C'est bizarre, j'ai objectivement connu des moments bien plus durs que celui-ci, mais cette rupture amoureuse semble toucher au cœur de... quoi ? 

Peut-être de ce qu'il y a de très petite enfance au cœur de chaque lien amoureux profond, peut-être de la blessure qui se ravive avec la fin de cette famille adoptée et adoptive, peut-être parce que dans ce chagrin-là il n'y a que moi en jeu et que ça m'autorise à flancher - personne d'autre à soutenir cette fois. 

Peut-être parce l'absence d'une vraie parole sur cette séparation vient répéter d'autres silences. Peut-être à cause de mon coeur qui déborde d'un amour encore bien vivant mais qui ne trouve plus où se poser.

Peut-être simplement c'est le cumul des dernières années, une fois retiré ce filet amoureux qui m'avait rendue si heureuse depuis bientôt trois ans...

...alors, je reste en mouvement bien sûr - déjeuners ou dîners amicaux, le concert d'Arthur Teboul et celui de Nawel, le massage à quatre mains offert par Laurence et Denis, d'autres projets encore. Et surtout, c'est nouveau, je m'autorise à ne pas faire semblant. A appeler. A demander de l'aide et/ou de la présence. A pleurer aussi souvent que nécessaire, et c'est nécessaire tous les jours. A avoir (un peu) moins peur de peser sur l'autre, à ne pas (trop) juger de la légitimité de ma peine. 

Et tout est dans ce (un peu) ou ce (trop). Oui, c'est "juste" un chagrin d'amour. Ou plutôt d'amours. Mais... s'il me permet de baisser un peu la garde, et d'accepter d'être parfois fragile, bien plus que je n'en ai l'air, alors peut-être que ça en vaut... la peine.

PS : un autre regard : Vouloir se rencontrer à l’aide d’un autre qui souhaite se fuir, revient à se choisir un bourreau qui viendra décharger tout ce qu’il refuse de rencontrer à son sujet dans l’espace que nous lui offrons, et qui est à la mesure d’un amour qu’il ne peut contacter en lui.

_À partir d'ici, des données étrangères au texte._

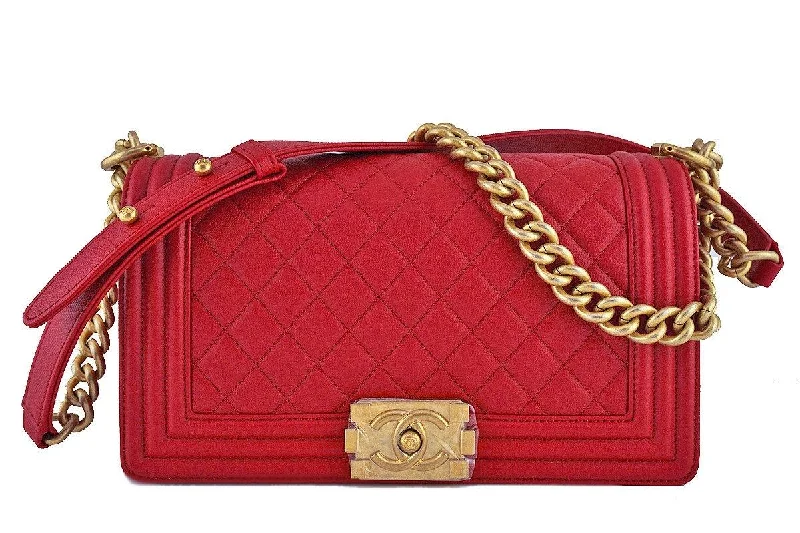 NIB Chanel Red Boy Classic Flap, Medium Caviar Bag GHW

Cet espace devient alors une abyssale crevasse laissée en plein milieu de notre poitrine par la rupture, devenue inévitable face à notre incapacité de transmuter sa fuite en rencontre.

Stephan Schillinger

24 octobre 2024

Sourire

On n'est pas fort de sourire. Le véritable courage, c'est de faire en soi un espace à la peine. Un lieu immatériel où elle peut s'exprimer. L'autoriser à habiter le coeur et les pensées. Sans la laisser tout coloniser. Juste à sa place. A sa juste place. La vivre comme elle vient, quand elle vient (...). Son sourire d'aujourd'hui ne nie pas sa peine. Au contraire, il la révèle. Il dit la cohabitation des sentiments. Non pas la lutte de puissances que l'on croit s'opposer, mais leur compagnonnage apaisé. Elle peut vivre la joie parce qu'elle sait pleurer dans le noir.